# finding the year and model



## Winger82 (Jan 2, 2017)

just purchased an Ariens snowblower and can't seem to find the #'s on the blower. the only # I can find on the back of it is on the right side of the tag and these are the last #'s on the tag 08969. The serial # on the recoil is 8281-16218 / the model # is H60-75003H. any help would be appreciated, would like to find a manual so as to get belts and such


----------



## sscotsman (Dec 8, 2010)

Well, sounds like the model number portion of the tractor tag is gone then..
either damaged or delibrately removed..
It should look like this:










But it sounds like your "mod no." part is missing, and you only have the serial number remaining..

but! there are still ways we we can decode that serial number! 

1. please post a photo, that will at least nail down the decade.
If you cant post here, you can email it to me if you like, and I can post it:
sscotsman at yahoo dot com

2. There might be a second tag on the side of the scoop:








Post any number you find there.

3. You posted the engine model number, but there should also be an engine serial number..
please post all the numbers that are on the engine tag, the serial number contains a date code.

Scot


----------



## Winger82 (Jan 2, 2017)

Thanks for the reply, not real sure how to post pics, but the serial # on the recoil is 8281-16218. The tag is still on the tractor but the #" are gone except for these last 5 of the serial # 08969. The recoil says that it is a 6HP, it also has the 2 handles for the auger engagement, and also has the 3 (racing stripes) on the sides of the blower and has the chrome handle bars. I looked on the side of the blower where you had the arrow pointing but did not find any #"s there.


----------



## sscotsman (Dec 8, 2010)

Thanks for the extra info!
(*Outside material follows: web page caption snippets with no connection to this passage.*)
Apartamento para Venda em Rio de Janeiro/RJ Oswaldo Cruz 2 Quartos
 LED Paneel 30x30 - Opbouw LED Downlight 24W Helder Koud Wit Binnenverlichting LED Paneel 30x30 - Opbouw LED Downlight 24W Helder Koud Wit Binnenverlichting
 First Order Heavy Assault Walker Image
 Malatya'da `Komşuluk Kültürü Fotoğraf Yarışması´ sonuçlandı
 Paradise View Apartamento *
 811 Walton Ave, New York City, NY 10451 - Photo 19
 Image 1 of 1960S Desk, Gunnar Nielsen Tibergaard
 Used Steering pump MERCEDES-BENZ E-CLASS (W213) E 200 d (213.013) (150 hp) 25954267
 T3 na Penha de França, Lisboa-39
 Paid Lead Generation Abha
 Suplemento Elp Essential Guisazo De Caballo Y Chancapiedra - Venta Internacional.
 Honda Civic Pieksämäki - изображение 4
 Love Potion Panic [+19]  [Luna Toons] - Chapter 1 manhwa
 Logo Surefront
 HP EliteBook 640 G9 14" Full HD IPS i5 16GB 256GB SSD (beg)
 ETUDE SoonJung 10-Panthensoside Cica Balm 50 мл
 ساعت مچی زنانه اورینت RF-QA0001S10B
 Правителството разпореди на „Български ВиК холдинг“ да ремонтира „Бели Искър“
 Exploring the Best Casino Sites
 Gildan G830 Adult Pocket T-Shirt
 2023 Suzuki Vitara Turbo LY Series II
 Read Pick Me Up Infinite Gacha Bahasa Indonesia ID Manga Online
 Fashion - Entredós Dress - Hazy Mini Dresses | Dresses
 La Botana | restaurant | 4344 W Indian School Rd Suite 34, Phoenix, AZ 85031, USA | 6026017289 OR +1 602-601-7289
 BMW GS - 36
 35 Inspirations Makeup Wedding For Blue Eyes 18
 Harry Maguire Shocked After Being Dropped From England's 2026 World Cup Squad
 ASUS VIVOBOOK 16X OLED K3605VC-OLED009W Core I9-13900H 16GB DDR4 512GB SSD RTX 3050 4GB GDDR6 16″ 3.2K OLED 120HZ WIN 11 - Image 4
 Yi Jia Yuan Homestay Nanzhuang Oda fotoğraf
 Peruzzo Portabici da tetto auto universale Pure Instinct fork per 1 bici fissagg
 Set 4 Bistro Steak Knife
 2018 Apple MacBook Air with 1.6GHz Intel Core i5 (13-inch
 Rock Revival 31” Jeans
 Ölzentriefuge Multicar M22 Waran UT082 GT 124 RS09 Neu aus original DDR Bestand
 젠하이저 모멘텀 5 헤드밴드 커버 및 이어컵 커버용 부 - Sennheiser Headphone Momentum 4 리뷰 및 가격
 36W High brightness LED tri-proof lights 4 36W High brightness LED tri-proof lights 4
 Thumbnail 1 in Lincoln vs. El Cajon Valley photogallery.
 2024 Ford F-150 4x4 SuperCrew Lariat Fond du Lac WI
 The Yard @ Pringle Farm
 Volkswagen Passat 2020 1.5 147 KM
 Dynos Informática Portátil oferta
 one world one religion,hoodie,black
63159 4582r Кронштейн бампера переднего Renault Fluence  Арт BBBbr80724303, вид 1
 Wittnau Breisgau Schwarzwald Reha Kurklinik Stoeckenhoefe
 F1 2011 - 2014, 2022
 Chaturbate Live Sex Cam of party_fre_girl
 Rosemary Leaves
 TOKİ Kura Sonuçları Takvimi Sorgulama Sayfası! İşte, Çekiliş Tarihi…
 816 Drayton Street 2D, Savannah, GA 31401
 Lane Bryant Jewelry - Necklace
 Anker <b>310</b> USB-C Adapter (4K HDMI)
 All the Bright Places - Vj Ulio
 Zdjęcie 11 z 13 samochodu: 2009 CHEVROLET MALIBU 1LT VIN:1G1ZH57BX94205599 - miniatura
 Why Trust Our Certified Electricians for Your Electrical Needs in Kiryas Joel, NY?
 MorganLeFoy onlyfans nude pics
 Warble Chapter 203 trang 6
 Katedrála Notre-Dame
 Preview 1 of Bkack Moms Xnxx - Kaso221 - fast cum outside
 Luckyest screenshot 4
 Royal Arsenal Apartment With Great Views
If the engine is original, (if it's painted white, odds are good that it is) then you have a 1968 model 10M6 or 10M6D. And you can tell which of those two it is if it has a differential lock on one of the wheels:










If it does, it's a 10M6D, if it doesn't, it's a 10M6. I'm going to predict it does have a differential!







the chrome handlebars make that likely.

Scot


----------



## Winger82 (Jan 2, 2017)

Thanks sscotsman, you have been a big help
Winger82


----------